Natasha Karenina De Sousa Rego

Quais relações possíveis entre o ensino jurídico e as práticas antirracistas? É possível serem os professores, estudantes, advogados e outros profissionais do Direito, em seu dia a dia pessoal e profissional, antirracistas? O que é antirracismo? Por meio das trajetórias de Esperança Garcia e Maria Sueli Rodrigues de Sousa, duas juristas negras piauienses, apresento pedagogias jurídicas antirracistas para ampliar o debate de ensino jurídico e localizá-lo além dos espaços de docência.

Por pedagogias entendo "estratégicas, práticas e metodologias” (WALSH,2013, p.25), em específico, são fazeres atravessados pelo Direito produzidos dentro e fora da sala de aula. Como leciona Angela Davis, intelectual negra estadunidense: “Numa sociedade racista não basta não ser racista. É necessário ser antirracista". Assim, antirracismo são práticas e que se opõem ao racismo enquanto tecnologias de subjugação, inferiorização e desumanização de corpos, modos de vida, saberes e territórios em virtude da raça, marca que identifica e classifica um corpo a partir de uma leitura histórica no espaço-tempo no qual está situado, para retomar a intelectual negra brasileira Lélia Gonzalez (1988).

Sou professora e pesquisadora deDireito no ensino superior, de ancestralidade africana e indígena, piauiense, das margens do Brasil. Vivo e trabalho nas encruzilhadas do Direito e (anti)racismo pelo meu corpo-território ser marcado pela raça. Quando chego na sala de aula e quaisquer outros espaços, sou uma mulher negra, de cor, não branca, na cruza de africanos e indígenas, povos cuja raça é justificativa, desde a colonização, para genocídios e epistemicídios.

Faço parte dos 24,7% de professores que se declararam negros ou pardos nas instituições de ensino superior públicas do País, em 2020 (MOREIRA, 2022). Vale lembrar que a maioria da população é negra ou parda (56,1 %) e feminina (51,1%) (IBGE, 2022). Ensinar, educar e (re)aprender práticas jurídicas antirracistas e desaprender as racistas parte também por nos questionarmos quem ensina Direito no Brasil e como/ a partir de que perspectivas o faz. Afinal como infere a intelectual negra piauiense e professora de Direito Maria Sueli Rodrigues de Sousa:

Aqui reside o problema-chave do direito enquanto racionalidade ocidental que erigiu sob os desígnios da raça. A condição de livres e coassociados estruturou-se nas nações colonizadas e até nas colonizadoras, nos casos de migração, pela inferiorização dos não brancos, que foram escravizados ou dizimados. Após muitos anos e por meio de muitas lutas, os não brancos ganharam formalmente a condição de iguais coassociados, porém, a condição não se materializa em razão do obstáculo estruturante da racialização em forma de imaginário coletivo, que se expressa nas estatísticas sociais, na ocupação de poder, nas hierarquias sociais, na produção de conhecimento. (SOUSA, 2021, p.283)

 

A racionalidade ocidental e o direito que informam o ensino jurídico e dogmática jurídica fundamentam-se no racismo e na mercadoria mesmo com os processos de independência nacional, descolonização, abolição da escravatura e consequentes mudanças legislativas. Persiste no imaginário coletivo que corpos e territórios não brancos não são sujeitos de
direito e não detém humanidade. As resistências contracoloniais e antirracistas permanecem e insistem em recontar as histórias de lutas por direitos.

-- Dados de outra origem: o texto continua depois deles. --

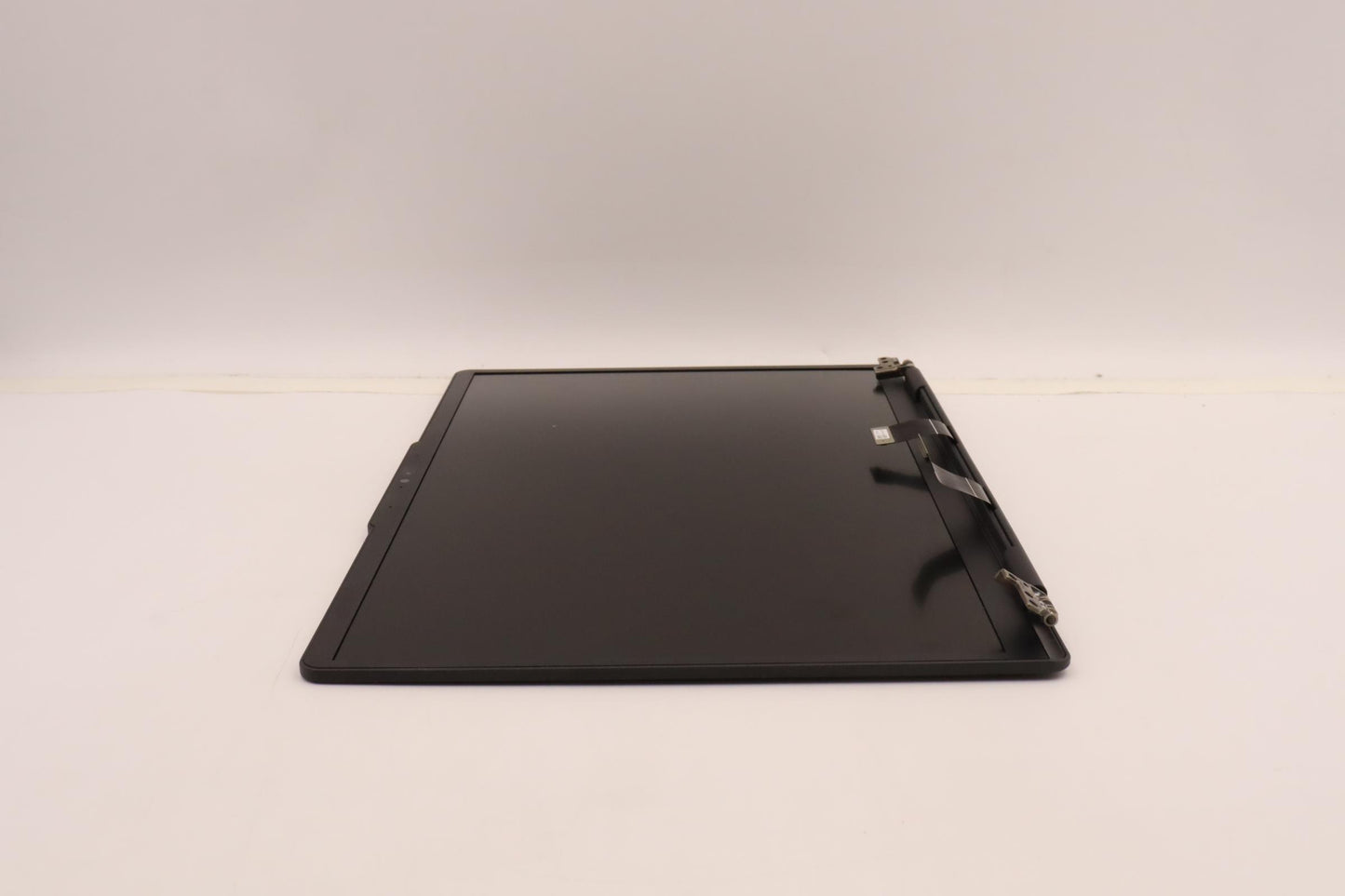 Lenovo LCD Module, 13.3", WUXGA, Touch, IPS - 5M10X63675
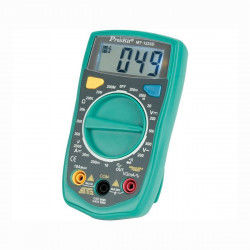 Multimeter Proskit mt-1233d...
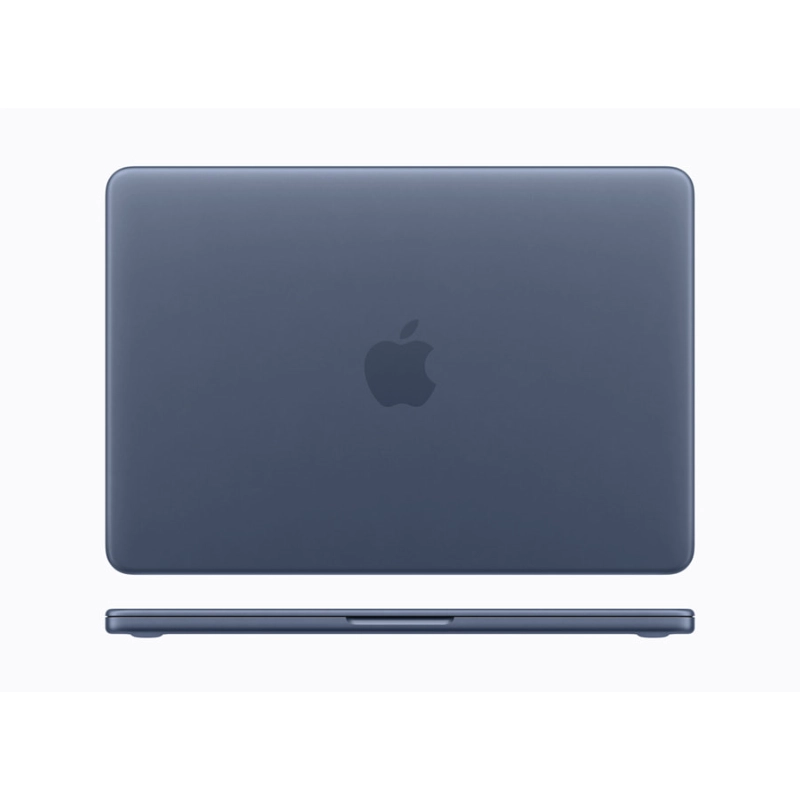 Apple MacBook Neo 13-inch view 5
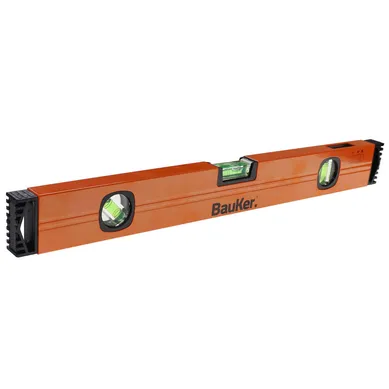 Nivel Profesional 18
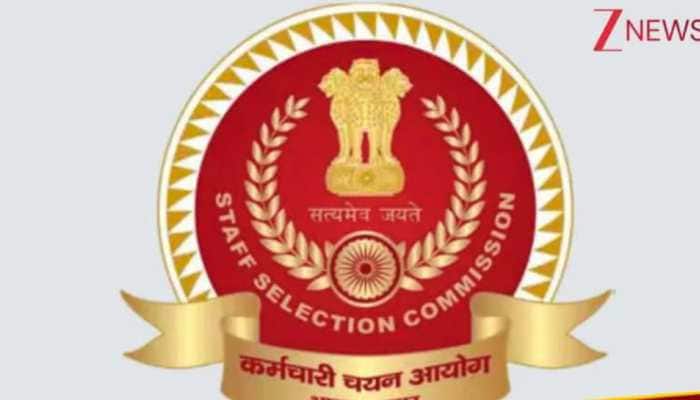SSC MTS Havaldar Exam 2025: Admit Card To Be Released Soon At ssc.gov.in- Check Details Here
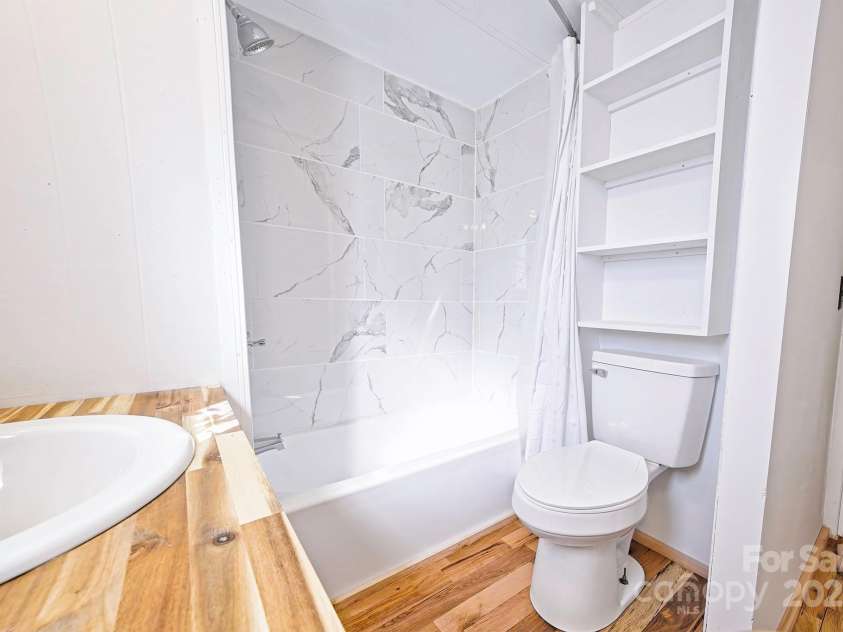 75 Allman Street, Marble, NC 28905.  MLS# CAR4255562, YatesRealty ID 10745. 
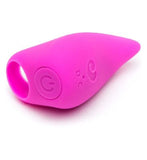 Lovehoney Ignite 20 Function Rechargeable Finger Vibrator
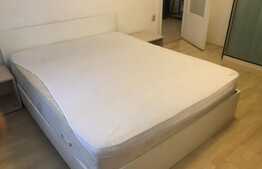 Apartament 2 camere, decomandat, 50 mp, zona strazii Primaverii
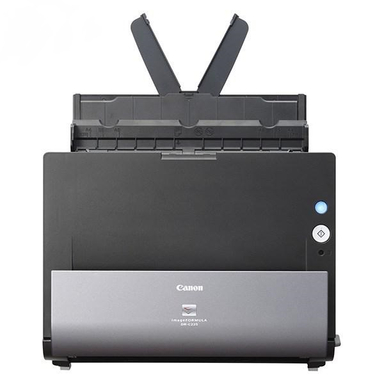 اسکنر اسناد کانن (Canon) مدل imageFORMULA DR-C225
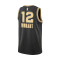 Camiseta Nike Memphis Grizzlies Select Series Ja Morant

Escrevo do Estado do Piauí, terra de Esperança Garcia, mulher negra escravizada no séc. XVIII, que foi reconhecida simbolicamente como primeira advogada piauiense (2017) e a brasileira (2022) pela Ordem dos Advogados do Brasil (OAB), secção Piauí e Nacional, respectivamente, por meio do trabalho da Comissão da Verdade da Escravidão Negra da OAB-PI (2016-2018). Em 1770, Esperança denunciou, de forma escrita, em carta endereçada ao governador da capitania de São José do Piauí, os maus tratos sofridos por seus filhos e suas companheiras, a separação do marido e os obstáculos ao batismo do filho. Segue o conteúdo da carta:

Eu sou uma escrava de Vossa Senhoria da administração do Capitão Antônio Vieira do Couto, casada. Desde que o capitão lá foi administrar que metirou da fazenda algodões, onde vivia com o meu marido, para ser cozinheira da sua casa, ainda nela passo muito mal. A primeira é que há grandes trovoadas de pancadas em um filho meu sendo uma criança que lhe fez extrair sangue pela boca, em mim não posso explicar que sou um colchão de pancadas, tanto que caí uma vez do sobrado abaixo peiada; por misericórdia de Deus escapei. A segunda, estou eu e mais minhas parceiras por confessar há três anos. E uma criança minha e duas mais por batizar. Peço a Vossa Senhoria pelo amor de Deus ponha aos olhos em mim ordenando digo mandar ao procurador que mande para a fazenda de onde me tirou para eu viver com meu marido e batizar minha filha (GARCIA, 2019, online).

 

A Comissão, presidida por Maria Sueli Rodrigues de Sousa, no Projeto Esperança Garcia, identificou que a carta possui natureza jurídica: “a partir do levantamento historiográfico do contexto em que foi produzida, dos sentidos da carta como memória da escravidão e como
resistência pelo autorreconhecimento e peticionamento como sujeito constitucional” (SOUSA ET AL, 2017, p.130). Identificou-se que Esperança, em sua carta-petição, pleiteou direitos seus e de sua comunidade, em instrumento cabível e endereçamento correto. Além de saber escrever, habilidade negada, em regra, para escravizados, a piauiense soube ler e interpretar a realidade na qual estava inserida para acionar o poder, formular seu pedido de justiça e mobilizar sua comunidade em prol do peticionamento. Assim:

O ato de Esperança Garcia expressa a personalização da pessoa escravizada, o que localiza o seu feito dentre as lutas contra a escravidão a partir do direito, como um fazer de um sujeito de direitos que pleiteava, na institucionalidade, ou pelo menos lutava por direitos aproveitando as poucas garantias que havia em atitude própria de membro da comunidade política; portanto a de sujeito constitucional submetido ao direito, mas com garantias com o diferencial da sociedade escravocrata (SOUSA ET AL, 2017,p.132)

 

As práticas de Esperança Garcia são pedagogias, que na relação de ensino aprendizagem, envolvem a si mesma e a sua comunidade na luta por direitos e garantias das pessoas escravizadas enquanto seres humanos, não apenas mercadoria. Para que a carta-petição fosse escrita e enviada ao seu destinatário imagina-se que diversas práticas e estratégias tenham sido desenvolvidas. O engajamento e o convencimento comunitários são essenciais para que os direitos de todos sejam pleiteados e alcançados.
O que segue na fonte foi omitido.